Mining--Gym: A Configurable RL Benchmarking Environment for Truck Dispatch Scheduling
Chayan Banerjee, Kien Nguyen, Clinton Fookes
TL;DR
Mining-Gym tackles the lack of standardized benchmarks for reinforcement learning in mining truck dispatch by integrating a high-fidelity discrete-event simulator (DES) with an OpenAI Gym-compatible RL interface. The framework models LHDRQ cycles, resource competition, and disruptions within an event-driven MDP, enablingRL policies (PPO) to be trained and evaluated alongside classical baselines. Empirical results across six stress-test scenarios show RL policies improve productivity by about $5.7\%$ and cut mean queue lengths by roughly $24.4\%$, with the largest gains under combined resource constraints, demonstrating robust, adaptive decision-making. The work advances reproducible, scalable RL benchmarking in mining, providing a foundation for multi-objective, uncertainty-aware evaluation and potential digital-twin integration for industrial deployment.
Abstract
Optimizing the mining process -- particularly truck dispatch scheduling -- is a key driver of efficiency in open-pit operations.

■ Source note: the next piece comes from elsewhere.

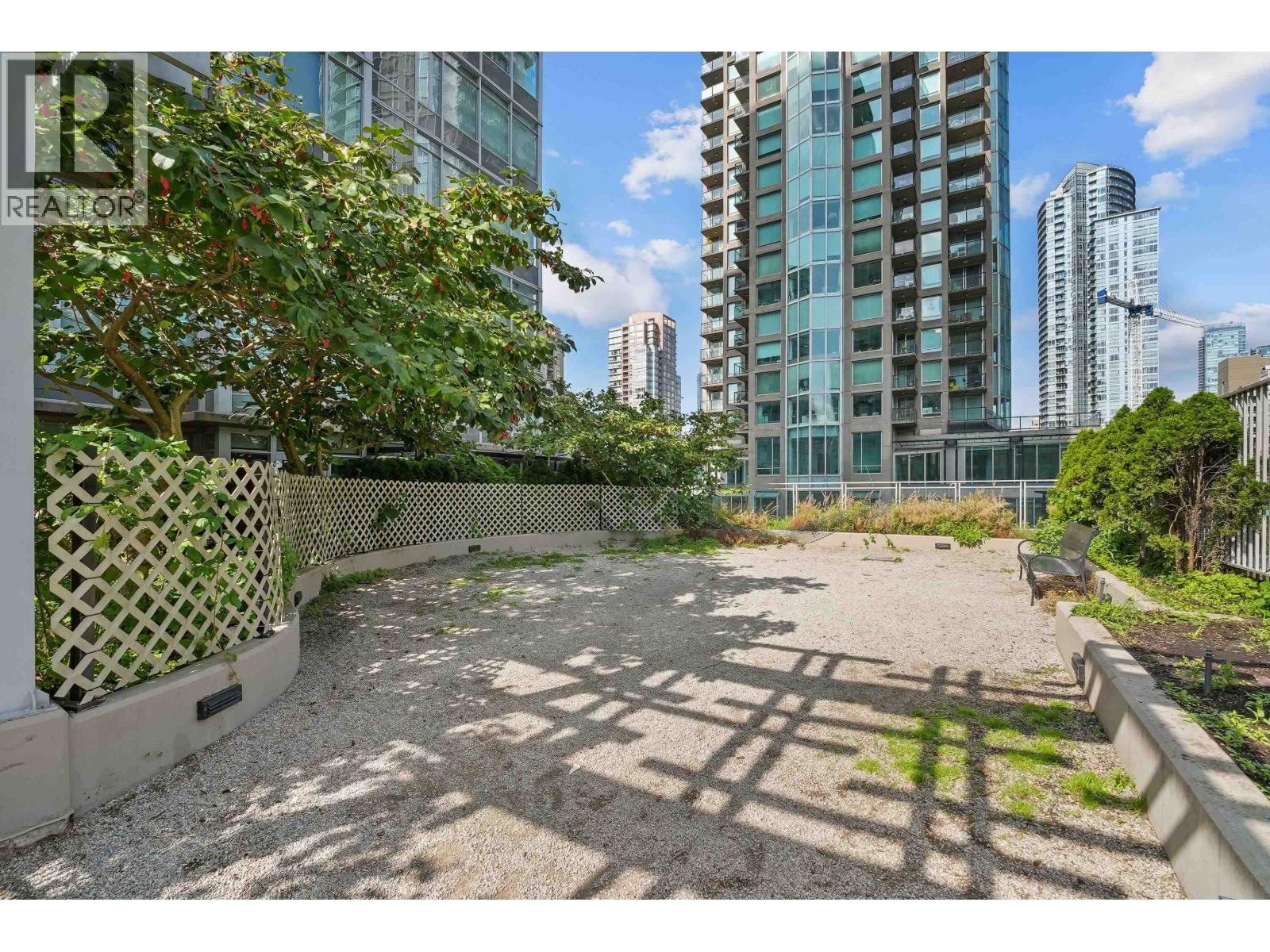 1901 888 Homer Street Property Photo 24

However, the dynamic and stochastic nature of these environments, with uncertainties such as equipment failures, truck maintenance, and variable haul cycle times, challenges traditional optimization. While Reinforcement Learning (RL) shows strong potential for adaptive decision-making in mining logistics, practical deployment requires evaluation in realistic, customizable simulation environments. The lack of standardized benchmarking hampers fair algorithm comparison, reproducibility, and real-world applicability of RL solutions. To address this, we present Mining-Gym -- a configurable, open-source benchmarking environment for training, testing, and evaluating RL algorithms in mining process optimization. Built on Salabim-based Discrete Event Simulation (DES) and integrated with Gymnasium, Mining-Gym captures mining-specific uncertainties through an event-driven decision-point architecture. It offers a GUI for parameter configuration, data logging, and real-time visualization, supporting reproducible evaluation of RL strategies and heuristic baselines. We validate Mining-Gym by comparing classical heuristics with RL-based scheduling across six scenarios from normal operation to severe equipment failures. Results show it is an effective, reproducible testbed, enabling fair evaluation of adaptive decision-making and demonstrating the strong performance potential of RL-trained schedulers.